颜惜宁笑道:“海东青这么多,不都长得差不多吗?”
姬檀笑道:“不是呀,三嫂家的海东青是白色的,而且它脖子上还有一串珠子,这个花色很罕见的。第一次看到它的时候我就觉得眼熟,不过那时候它满地走看着像只鸡。直到刚刚我看到它飞下来,我才确认了。我之前一定见过它,不过我想不起来在哪里见过了。”
颜惜宁心头一紧,苍风是炽翎军右将萧翎的爱鹰。听严柯说,当它还是一只小鹰时就跟着萧翎到了炽翎军中。萧翎消失时,苍风也跟着失踪了。直到皇家猎场他们遇刺时,苍风才出现。
姬松之所以养着苍风,就是希望有一天苍风能带着他们找到萧翎。姬檀小小年纪,平日里能接触到的就那么几个人,他怎么会认识苍风?

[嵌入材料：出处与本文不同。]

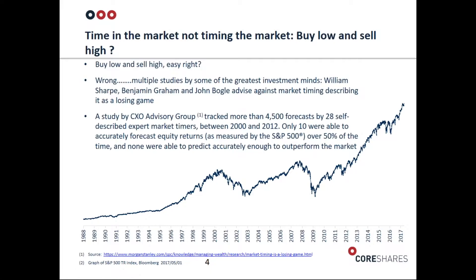But in reality, this is a very difficult task to achieve. In fact, multiple studies and some of the greatest investment minds like Benjamin Graham and John Bogle advise against timing the market because it really is a losing game. Most people who try to time the market actually get it wrong.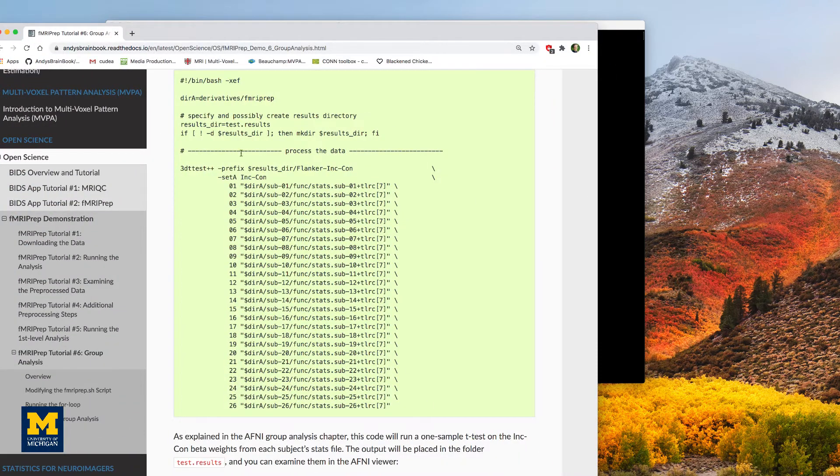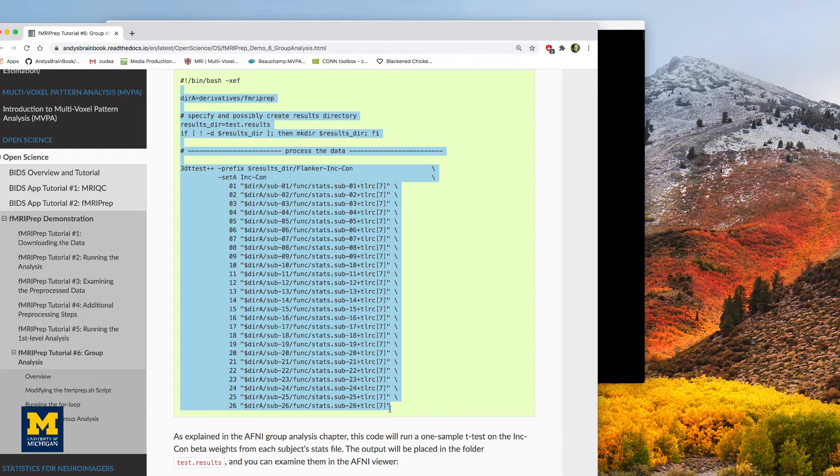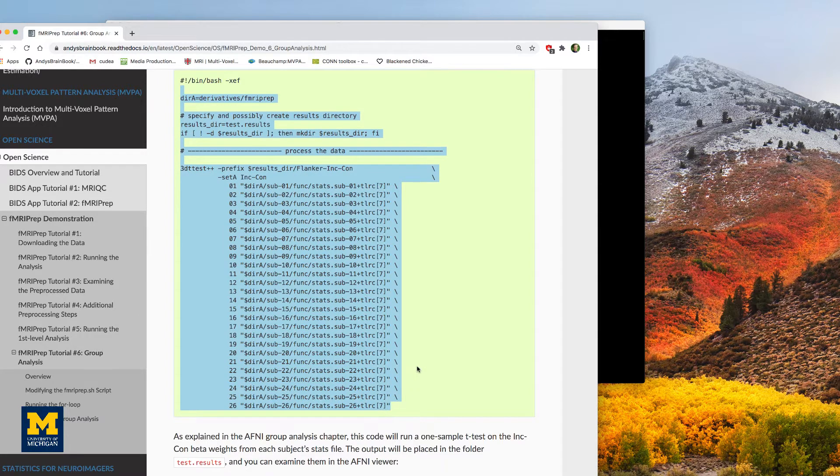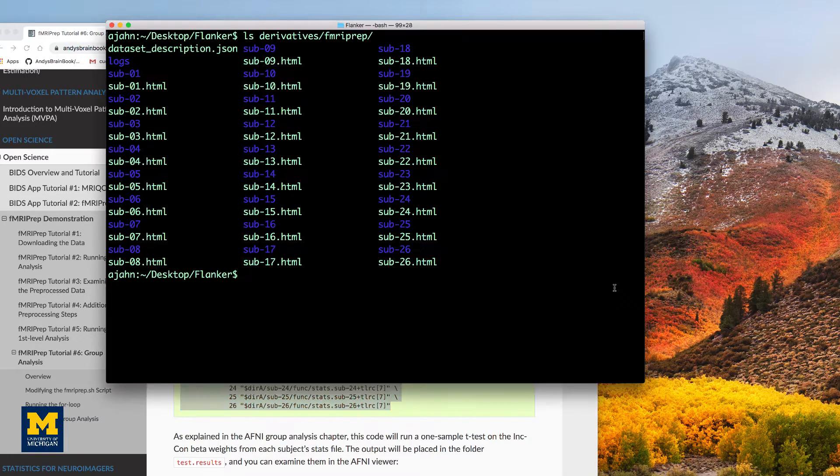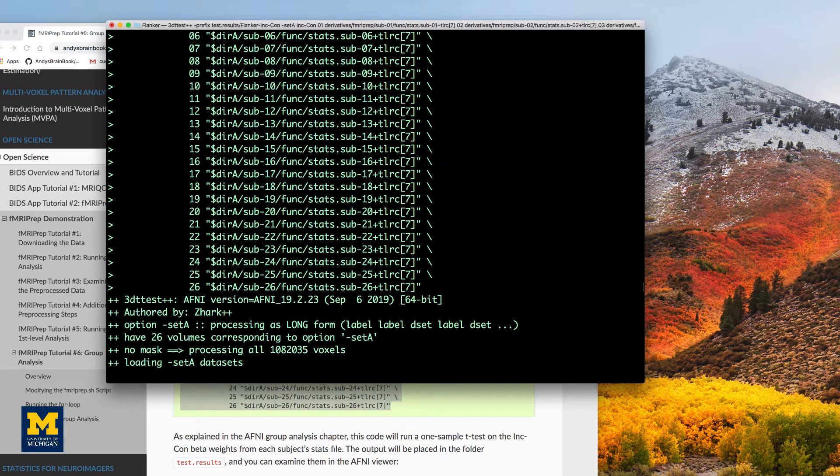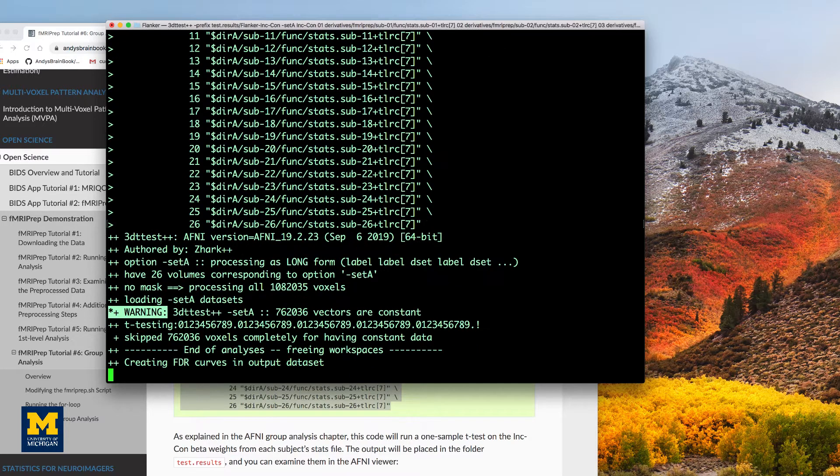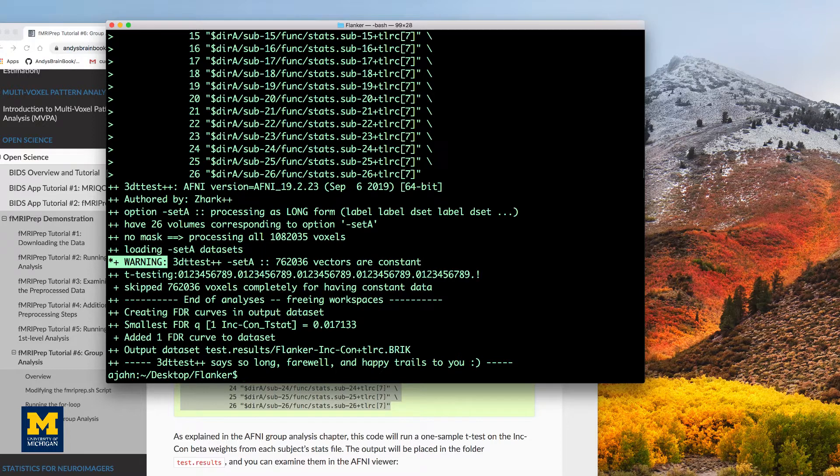And the code for this group analysis will look like this. As explained in the AFNI chapters, this code will run a one sample t-test on the inc-con beta weights from each subject's stats file. And it will be output in a folder called test.results.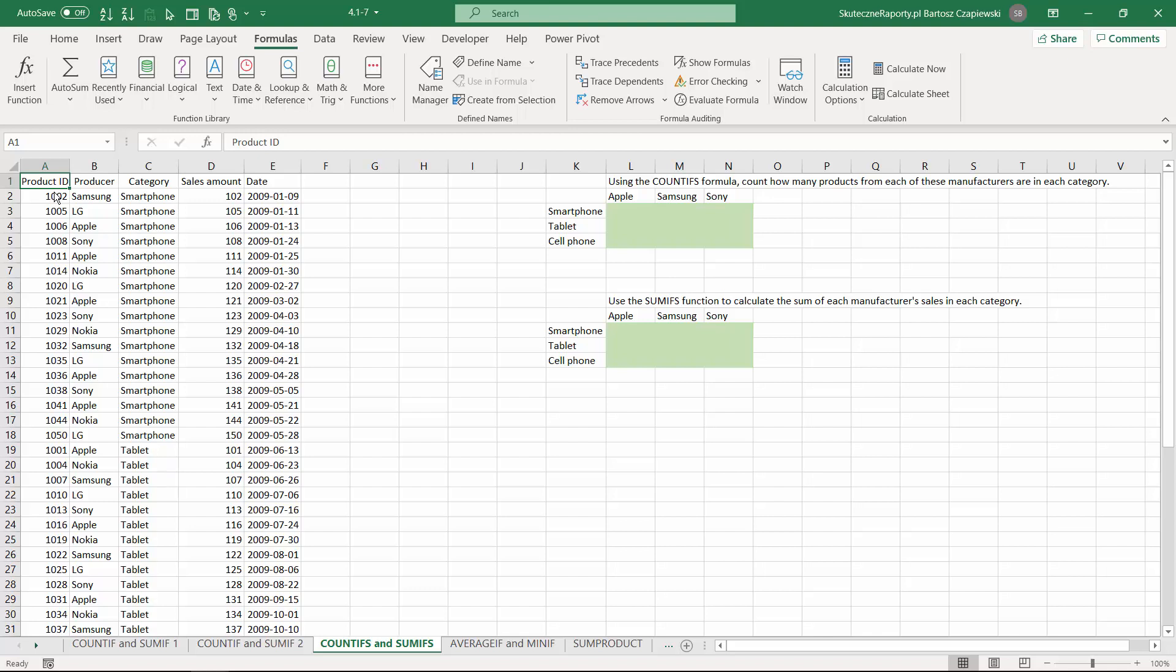If compared to the family world, the COUNTIF formula would be a daughter, so the mother would be COUNTIFS formula. Similarly, SUMIF has a mother called SUMIFS formula, which has more power and can perform even more conditions.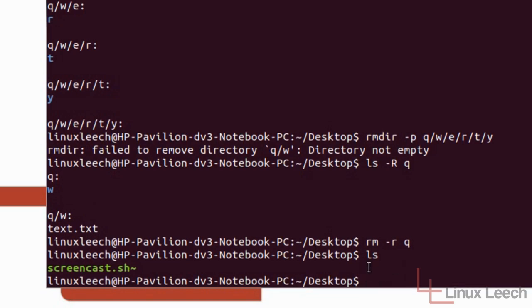So that's how to use the RM command. A brief example of how to use it. There are some other options and you can check out the man pages for that. But that's just the basic idea and difference between RMDIR which is used for removing empty directories and empty directory structures.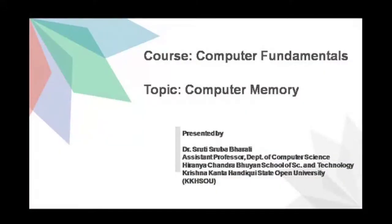Hello Learners, I am Dr. Sruti Shrubha Bharali, Assistant Professor in the Department of Computer Science. In this video, I am going to talk about Computer Memory. This topic is part of the course Computer Fundamentals. I am going to talk about the different types of computer memory and the memory hierarchy, and also the different CPU registers.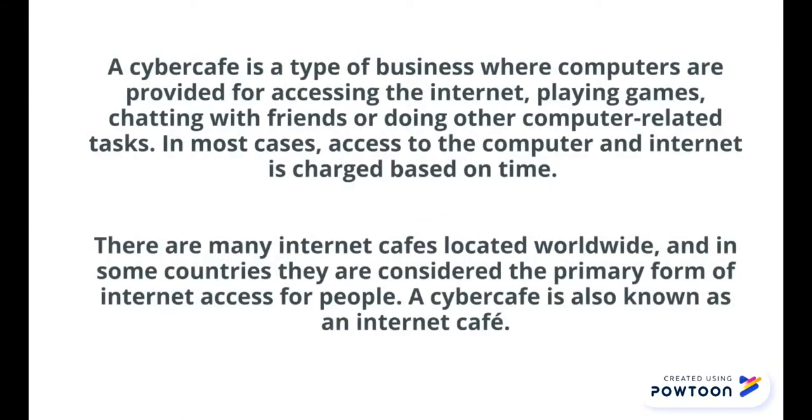A cybercafe is a type of business where computers are provided for accessing the internet, playing games, chatting with friends, or doing other computer-related tasks. In most cases, access to the computer and internet is charged based on time. There are many internet cafes located worldwide, and in some countries they are considered the primary form of internet access for people. A cybercafe is also known as an internet cafe.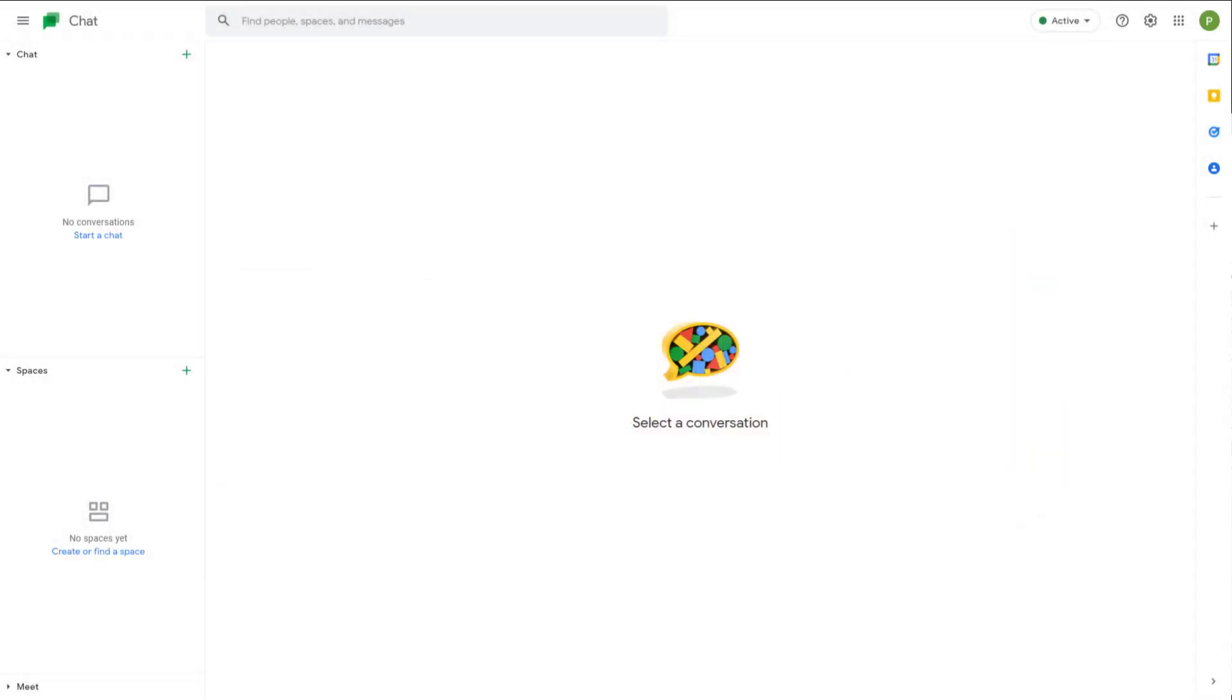If you want to add functionality to your Google Chat, you can use something called bots. But at this time of recording, bots are only available for G Suite accounts.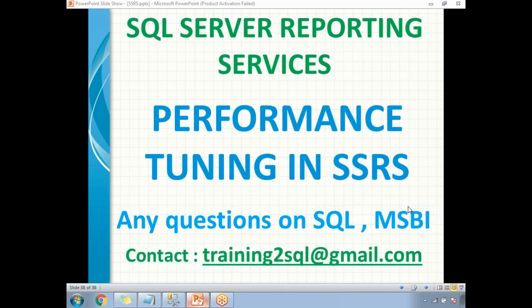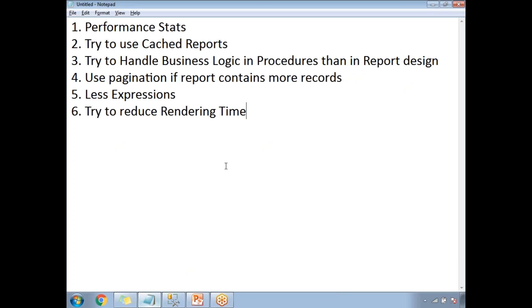First of all, what are all the places where we can see performance lags, and where can we improve performance on the SSRS side? There are many reasons why a report is going to take a long time. These are points I have collected based on my experience — you might encounter different scenarios, but these are the major places where we can improve the performance of a particular SSRS report.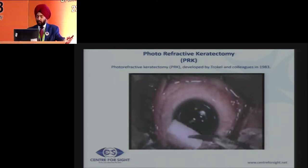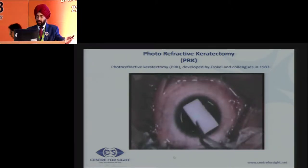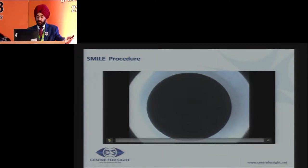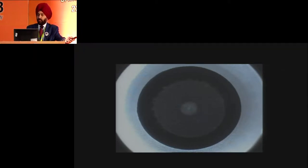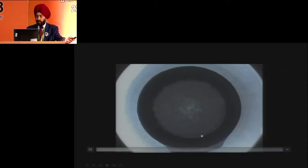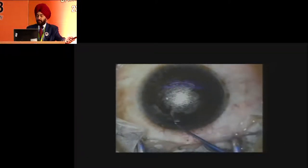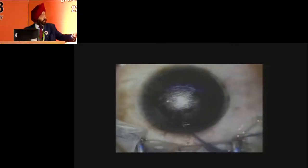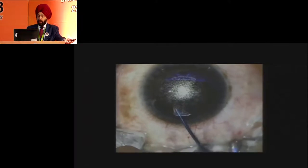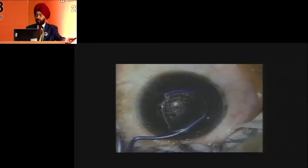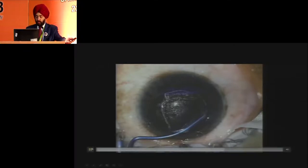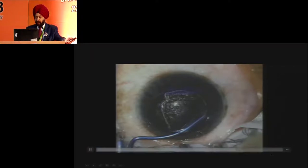A bandage contact lens is placed after surface ablation. The second procedure is SMILE — using only the femtosecond laser. The first pass creates the undercut of the lenticule; thickness depends on the power being treated. The second is a 360-degree cut creating the cap and side cut. After this, using a blunt spatula, you separate the top part of the lenticule from the cap. We don't call it a flap — it's called a cap. Then you go to the undersurface and continue with removal until the lenticule is taken out.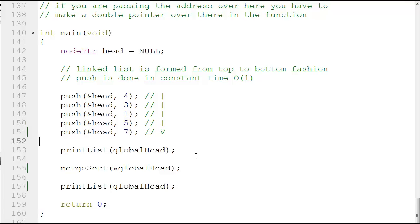Sorting a linked list is not very easy — it's very complicated. Random access to every element is not permitted, so if you want to go to element number five, you have to go through one, two, three, four, and then five. The only two algorithms which can be implemented for a linked list are insertion sort and merge sort. Maybe I'll cover different algorithms in the future, but for now let's concentrate on merge sort.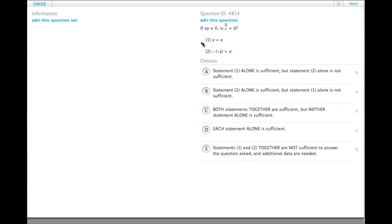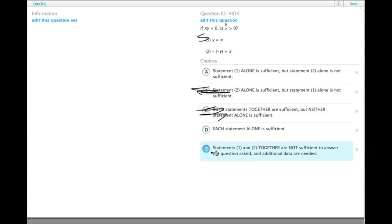Statement 1 tells us that y is equal to x. If y is equal to x, anything over itself is equal to 1, so this is sufficient to tell us, yes, it is greater than 0. So we can get rid of B, C, and E.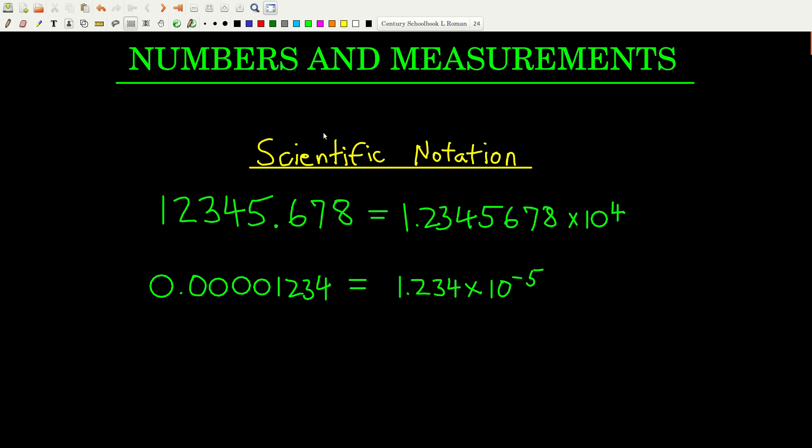In this video, we're going to talk about numbers and measurements. In chemistry and in science in general, one of the most important things we do is measure things, because that's how we get most of our information. We want to be careful when we write down a number from a measurement, because the way we write it tells other people something about that measurement.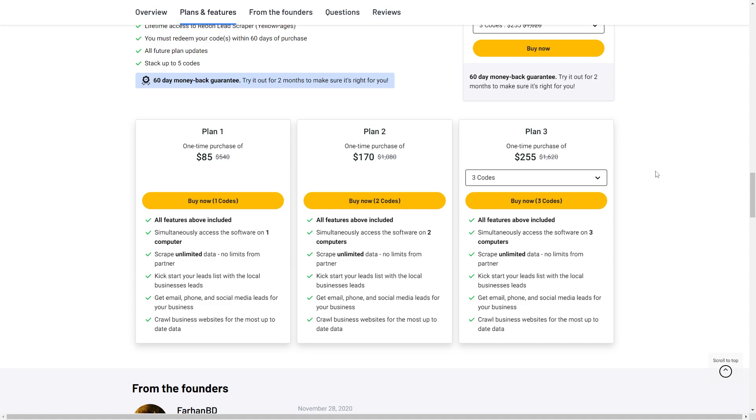Plan 2 at $170 includes all available features. You can simultaneously access the software on two computers, get email, phone, and social media leads for your business and crawl business websites for the most up-to-date data.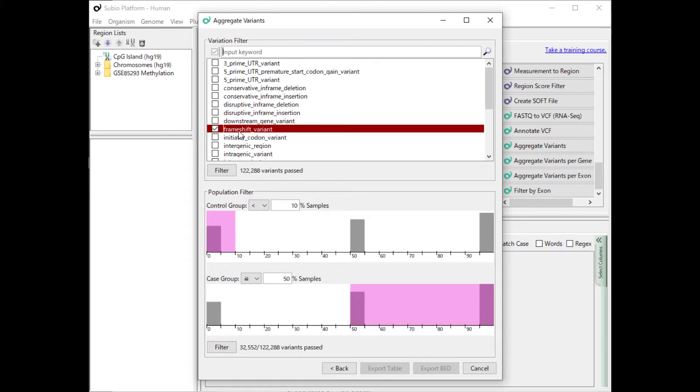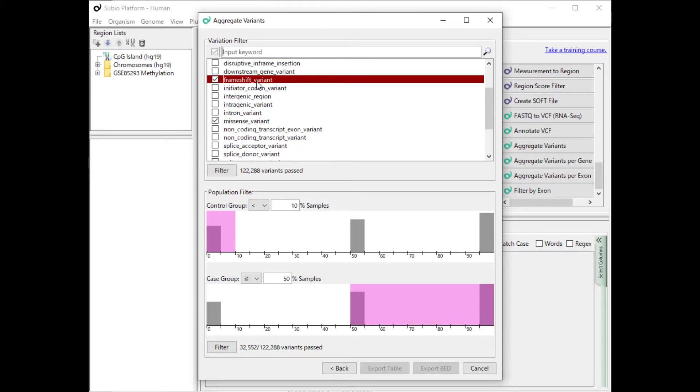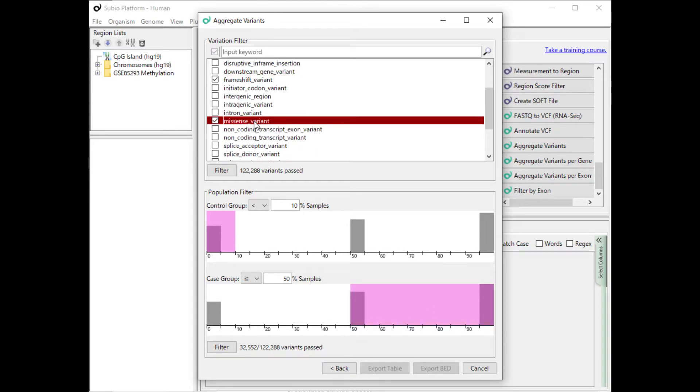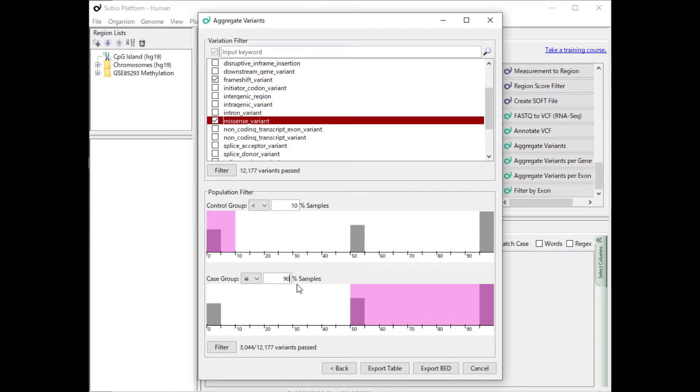Confirm that you check only the Missense and Frameshift variants, and press the Filter button. The bottom panel is for filtering by the frequency of occurrence in control group and case group.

颜惜宁稳了稳心神压下了激动的情绪,他温声问道:“那你还记得什么时候见过它的吗?”
姬檀困扰的挠了挠头发:“好像在冬天,天上在下雪,它突然从雪中飞了出来……我,我就记得这么多了。”
颜惜宁心头直颤:“那小七还记得在哪里看到它的吗?”
姬檀摇摇头:“不记得了……所以我才想问三嫂,你家的鹰是不是别人送的。”
姬檀活泼好动,每天都会看到很多新鲜玩意,这个年纪的孩子学得快忘得也快。他能想起曾经见过苍风已经很不容易了,实在不能要求再多了。
颜惜宁有些失望,不过他也知道这事急不得,想了想之后他温柔道:“实不相瞒,我们也在找苍风的主人。它受伤了落在了容王府,想必它的主人一定很着急。若是小七想起来在哪里见过它,记得告诉我们哦。”
姬檀拍着胸口:“三嫂放心吧,若是我想起来,一定第一时间告诉你。”
听到姬檀的话后,颜惜宁心头大定:“肚子饿了吗?我们去做祥云肉卷怎么样?”
姬檀开心不已,他跟着颜惜宁的脚步向着厨房走去:“好呀好呀。三嫂,什么是祥云肉卷啊?”
迎宾楼西侧有一条不起眼的小巷,小巷只有一丈深,巷中只有一扇常年锁着的偏门。它是如此不起眼,迎宾楼前人来人往,几乎没人注意到它的存在。主要是因为巷口有个跛子在卖面条,面摊的篷布将巷口遮得严严实实。
葛敬忠堵在巷口守着他的面条摊子。下雨天没什么生意,他坐在摊子后面眯着眼打着盹。突然摊子有人驻足:“来碗面。”
葛敬忠连忙睁开眼睛拄着拐杖站了起来:“好嘞,客官要什么浇头?”
来者压低了声音:“煎炒心肝。”
葛敬忠笑容更深:“这个浇头不好搞啊,得现做。”
来者轻笑一声:“现做的心肝味道才好。”
葛敬忠这时才抬起了头,面摊前站着一个穿蓑衣戴斗笠的男人。他左右一看,随后掀起面摊后面的篷布语速又轻又快:“主子等候多时了。”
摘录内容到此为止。